I am cross-compiling jansson to a ARM cortex-M3 processor and have managed to implement it successfully up now. The configuration command used looks as follows:

$ ./configure --host=arm-linux --disable-shared --enable-static --prefix=/home/Dev/jansson/ CC=arm-uclinuxeabi-gcc CXX=arm-uclinuxeabi-c++ CPP=arm-uclinuxeabi-cpp LDFLAGS=-L/home/Dev/jansson/../..//A2F/root/usr/lib -mthumb -mcpu=cortex-m3 -pthread CFLAGS=-I/home/Dev/jansson/../..//A2F/root/usr/include -Os -mthumb -mcpu=cortex-m3 LIBS=-lm

For historical reasons, I was using jansson 2.7 that I had successfully used for another project. I have turned to 2.14 for this new project, though both version of the library produce the same behavior.

For my project, I am parsing a JSON string (received from a socket) inside a dedicated function in order to fill a struct used later in my code. The structure is processed and a result JSON is generated back and sent over the socket. Then the code is ready to receive a new socket. Everything works fine during the reception of the first JSON string which gets parsed ok.
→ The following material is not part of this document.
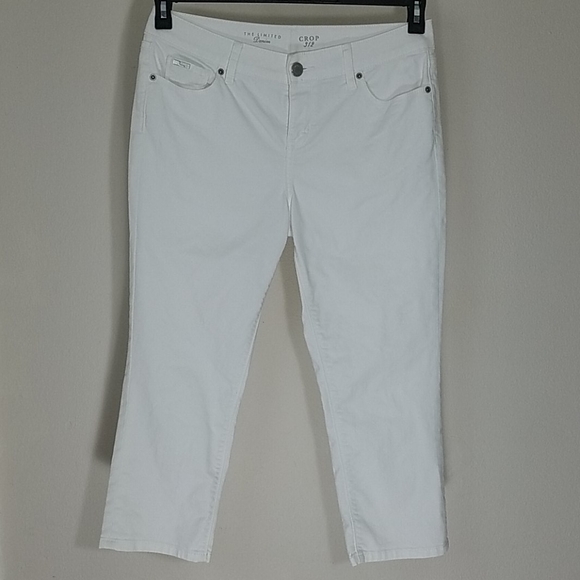The Limited Denim - Jeans white capri cropped 5 pocket stretch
However, when I receive the second JSON string from my socket, I call the parsing function which fails with a segmentation fault during the first call to json_loads. Sending back twice the same JSON string produces the same behavior.

Here is a snippet to the begining of my parsing function :

int parseRTNetJSONConf(char *buffer,RTNetCommand_t *Command,int verbose)
{
        json_t *root;
        json_error_t error;
    json_t *CMD, *Params, *ID, *Mode,*Len, *Data,*Reference, *Time;
        ...
    CMD = NULL;
    Params = NULL;
    ID = NULL;
    Mode = NULL;
    Len = NULL;
    Data = NULL;
    Reference = NULL;
    Time = NULL;

    Command->ref = 0;
    if (verbose >= VERBOSE_DEBUG_LEVEL)
        fprintf(stdout, "debug: parseRTNetJSONConf - calling json_loads\n");
    root = json_loads(buffer, 0, &error);
        Reference = json_object_get(root,"Ref");
        ....
        json_decref(Reference);
        json_decref(root);
    return result;
}

Function parseRTNetJSONConf gets called in my main in the socket processing loop.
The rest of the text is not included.